Is this "cloaking in time" serious and what is really meant? I just found this news article: http://www.nature.com/nature/journal/v481/n7379/full/nature10695.html
What did those researchers actually do? The article itself doesn't sound to me like it can be taken seriously, so... what was the experiment and what was observed?
 A: I do not understand all the nitty details, but the gist goes as follows:
You have a constant probe beam, which is cast on a sample and analysed later.
Suppose the sample has a very predictable behaviour, with an event every $24\mu \text{s}$. Then the analysis of the beam will show exactly that. This is the blue line in Fig. 4.
Now, suppose you want to hide these events, but you don't want to divert the beam around the sample (for whatever reason). They do it in the following way:


*

*Increase/decrease the wavelength of that part of the probe beam, which would encounter the event. This only serves as "marking" the part of the wave you want to manipulate.
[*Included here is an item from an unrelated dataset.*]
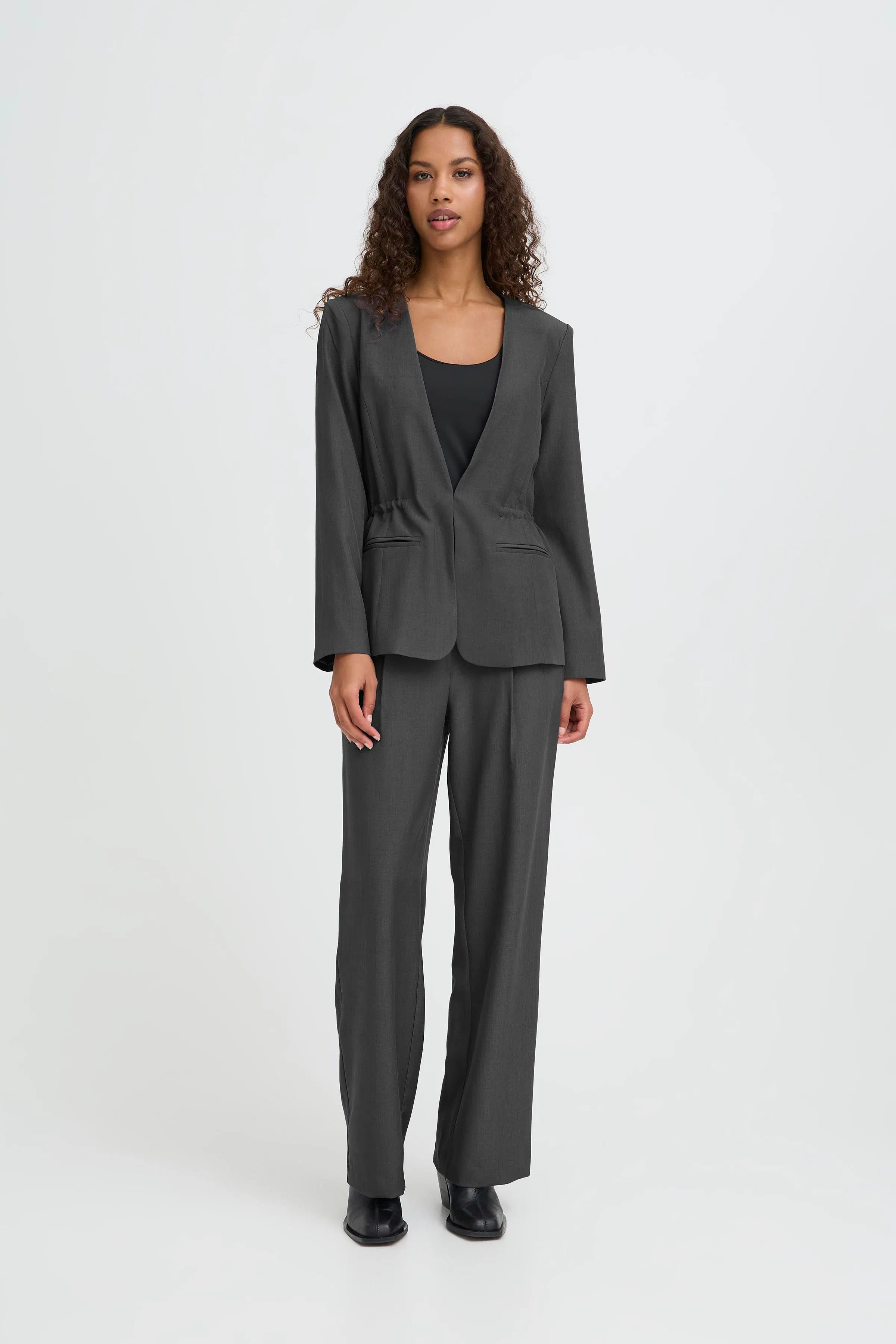 IHFAVA Blazer LOOKBOOK FRONT 20124712-200319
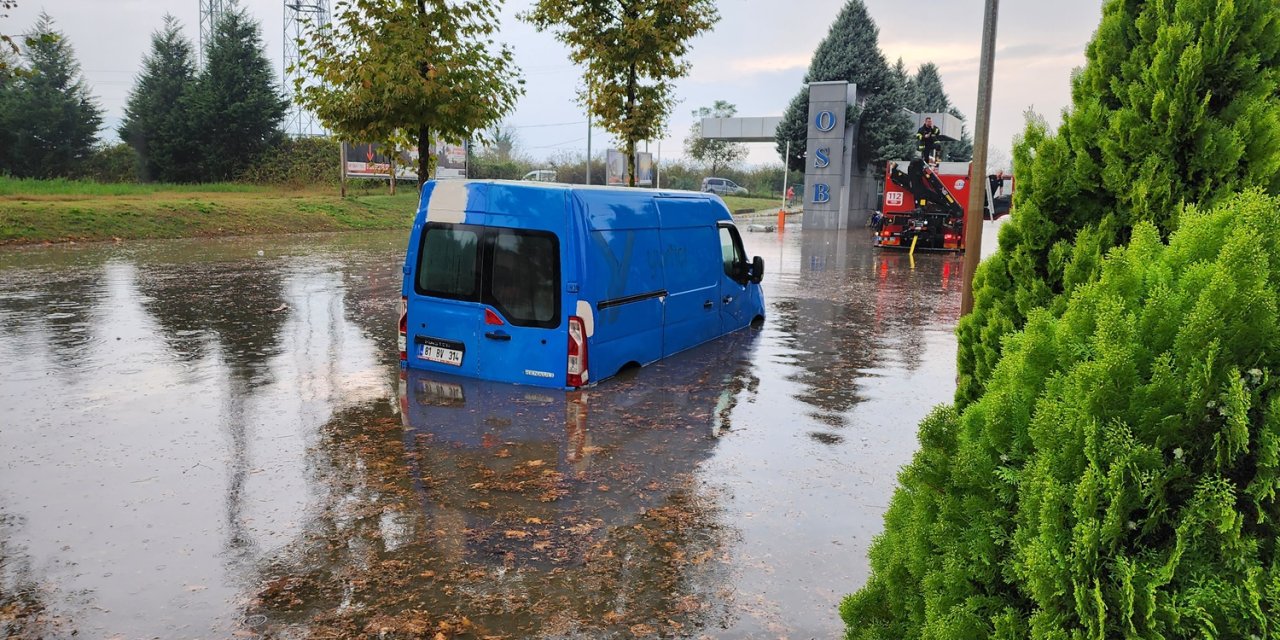 Düzce'de, Sağanak Sebebiyle Oluşan Su Birikintisinde Mahsur Kalan Minibüstekiler Kurtarıldı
*Speed up waves with lower frequency and slow down waves with higher frequency. This creates a beam gap in the middle. That means, the sample will see the probe beam "turned off" during the event, and the probe beam is not affected.

*After the sample, reverse step 2, i.e. slow down waves with lower frequency and speed up waves with higher frequency.

*Reverse step 1. Now your probe beam looks roughly as if it was not messed with at all and probed the sample at all times.


Note, that this is a layman explanation, and the actual speeding up/slowing down is a rather complicated feat.